• _Work request_:
Nothing in the records should be changed in the copy, though the pictures must be left out.

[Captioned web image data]
____

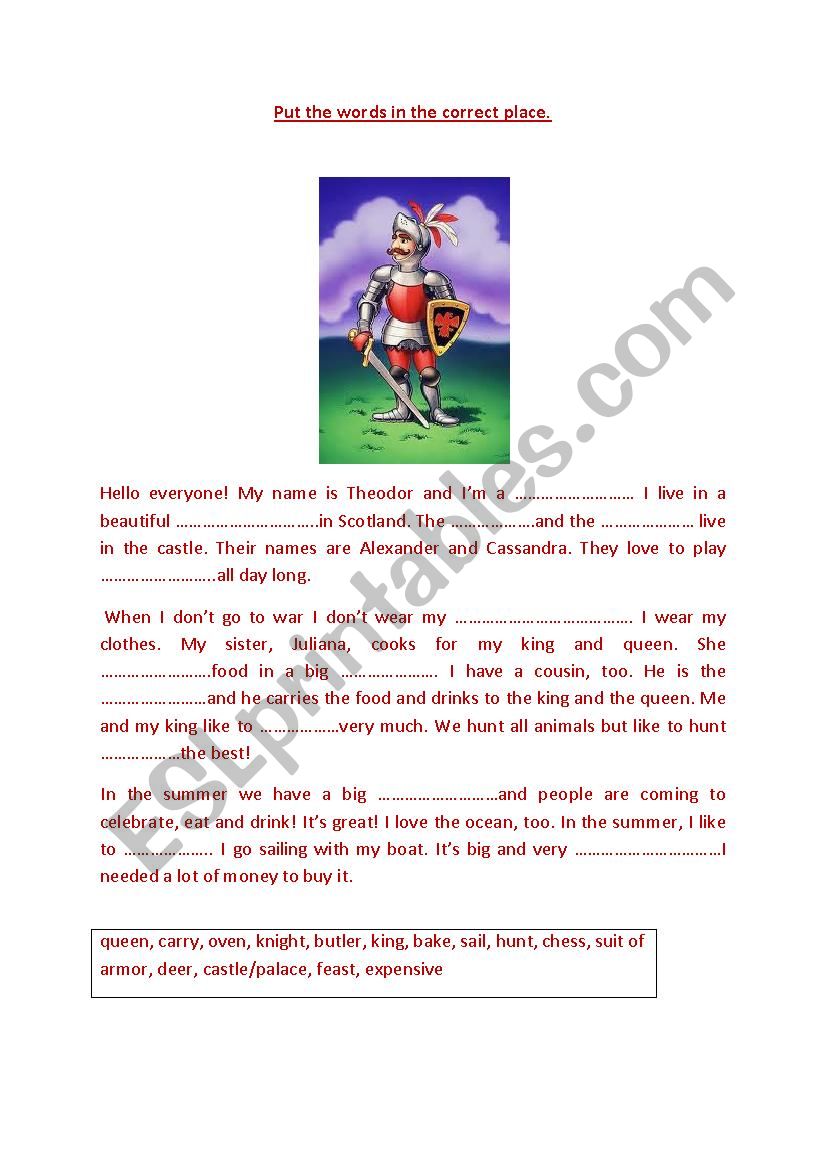 Knights  worksheet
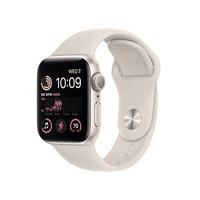 Apple Watch SE (2e generatie) (GPS, 40 mm) Smartwatch - aluminium behuizing van Polarstern, sportarmband van Polarstern - Regular. Fitness- en slaaptracker, ongevallendetectie, hartslagmeter, waterbescherming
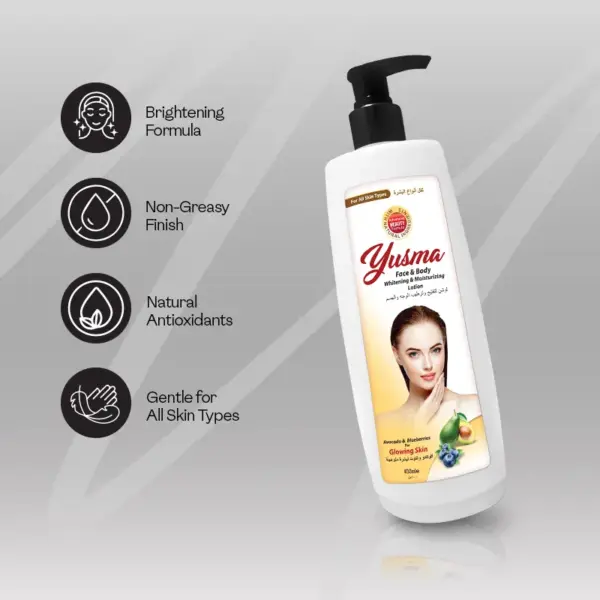 Yusma Body Whitening Moisturizing Lotion 400ML 4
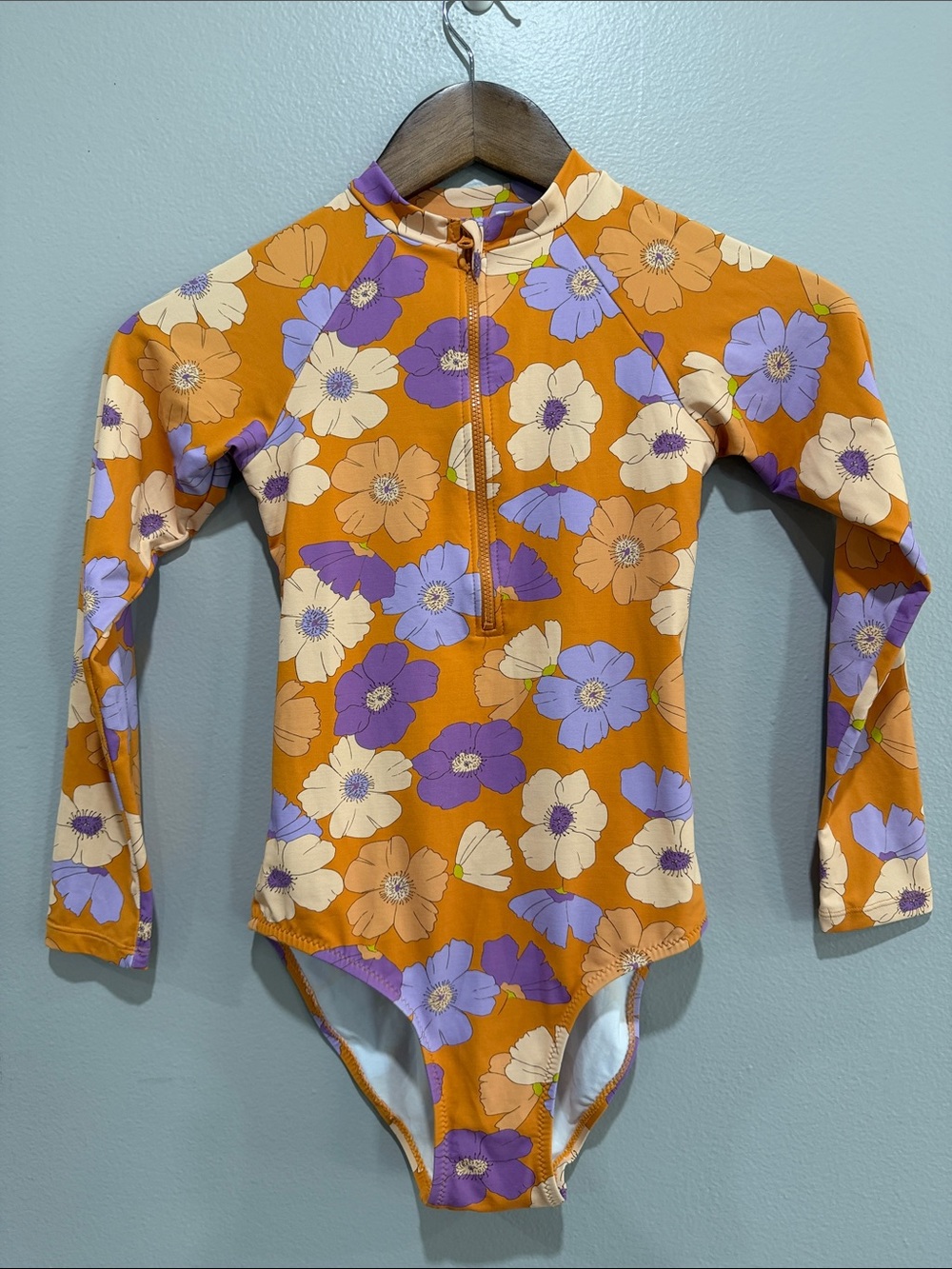 Zara Orange Floral Long-Sleeve One-Piece Swimsuit size 11-12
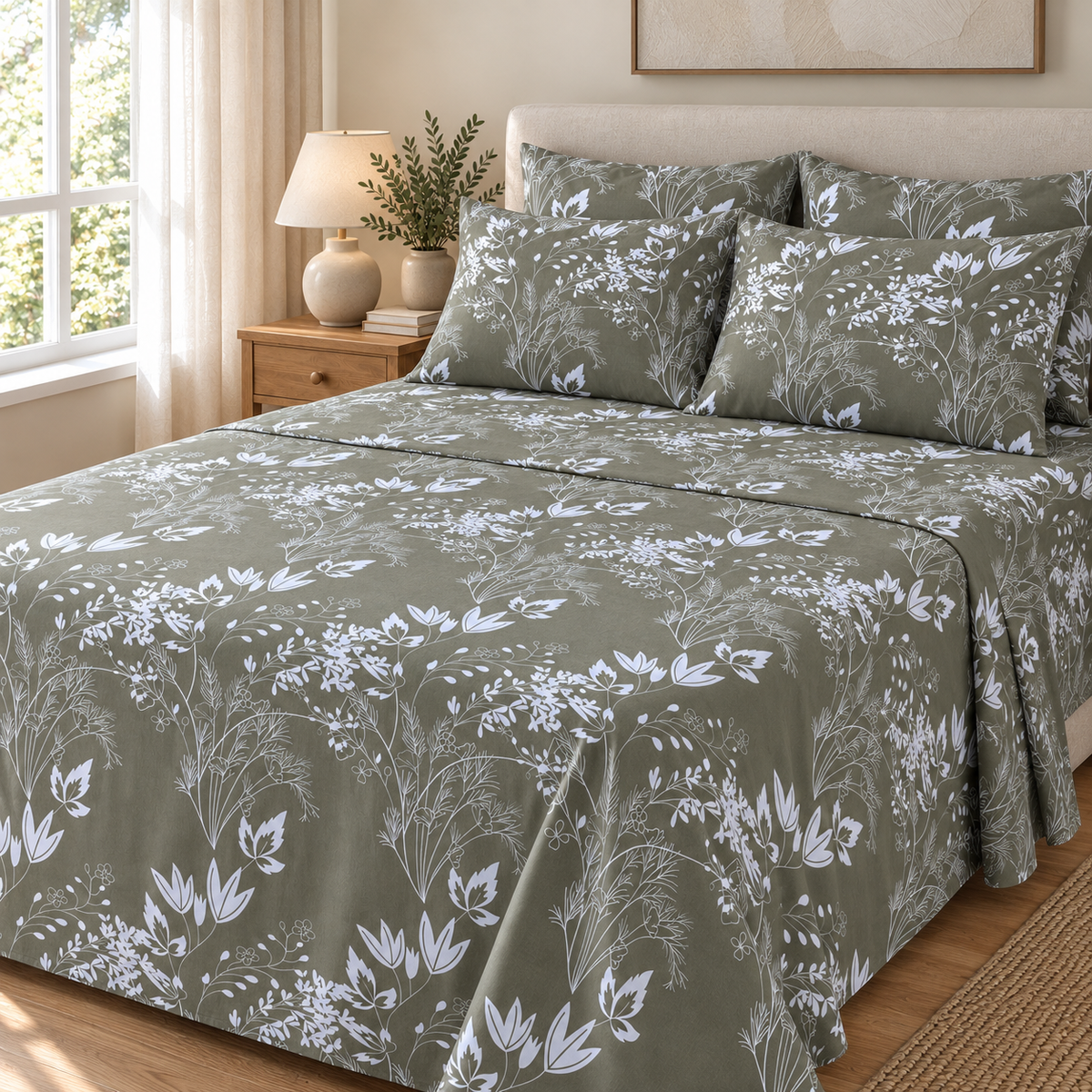 COLCHA HOME Sage Meadow BOTANICA Collection Bedsheet
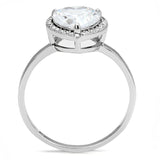 Rhodium 925 Sterling Silver Ring with AAA Grade CZ  in Clear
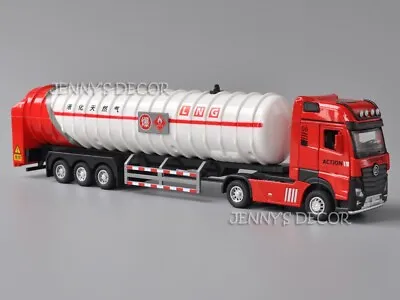 1:50 Scale Diecast Model Tanker Truck Toy Tractor With Gas Tank Semi Trailer • $13.90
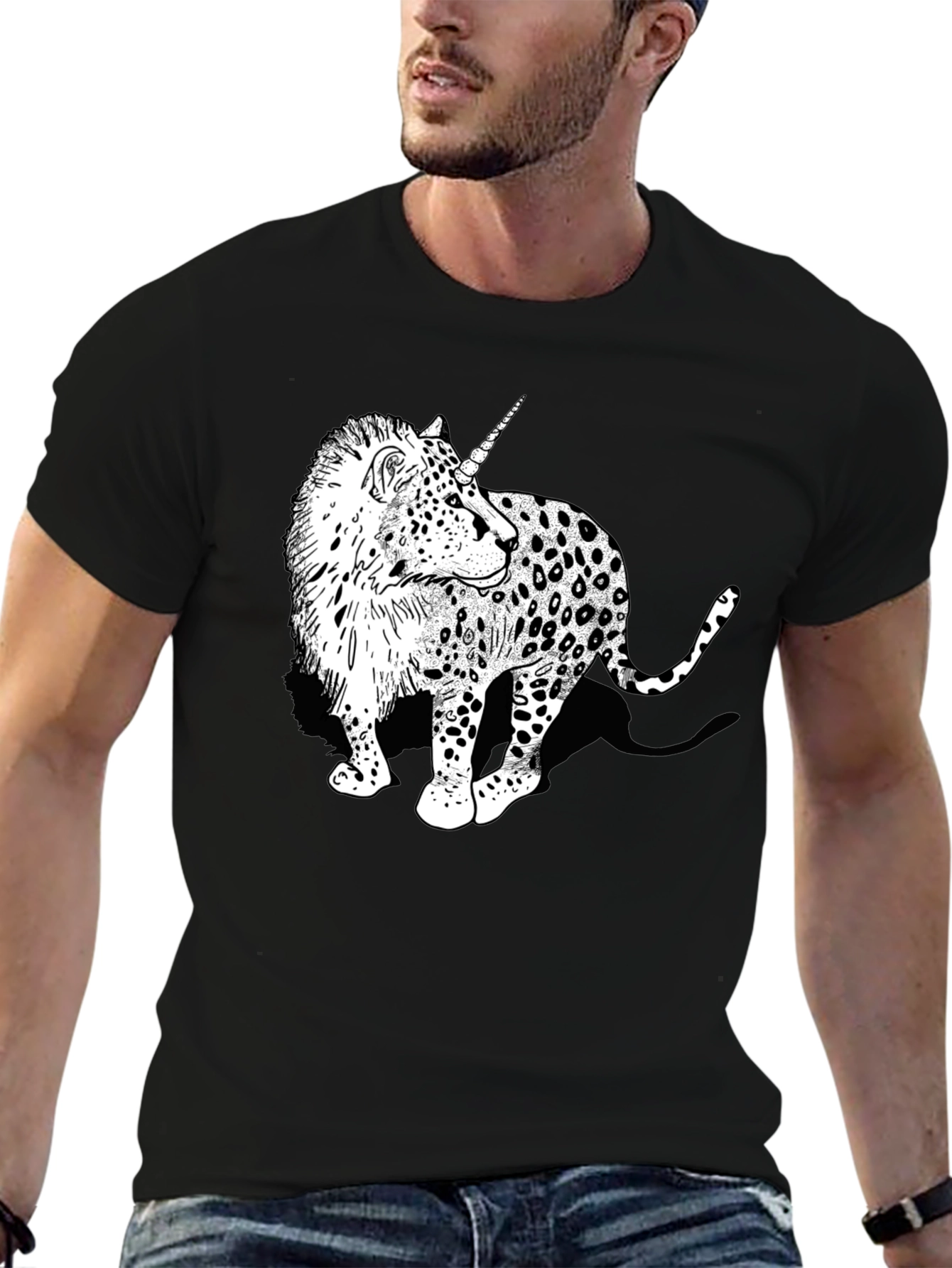Unicorn Leopard Graphic Print Tee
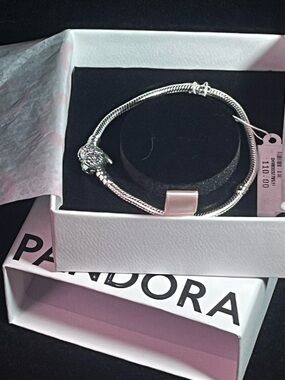 Pandora Heart Wings Sterling Silver SnakeChain Clasp Bracelet New With Tags 7.25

____

• _Response area_:
 Knights  worksheet
 Apple Watch SE (2e generatie) (GPS, 40 mm) Smartwatch - aluminium behuizing van Polarstern, sportarmband van Polarstern - Regular. Fitness- en slaaptracker, ongevallendetectie, hartslagmeter, waterbescherming
 Yusma Body Whitening Moisturizing Lotion 400ML 4
 Zara Orange Floral Long-Sleeve One-Piece Swimsuit size 11-12
 COLCHA HOME Sage Meadow BOTANICA Collection Bedsheet
 Rhodium 925 Sterling Silver Ring with AAA Grade CZ  in Clear
 1:50 Scale Diecast Model Tanker Truck Toy Tractor With Gas Tank Semi Trailer • $13.90
Unicorn Leopard Graphic Print Tee
 Pandora Heart Wings Sterling Silver SnakeChain Clasp Bracelet New With Tags 7.25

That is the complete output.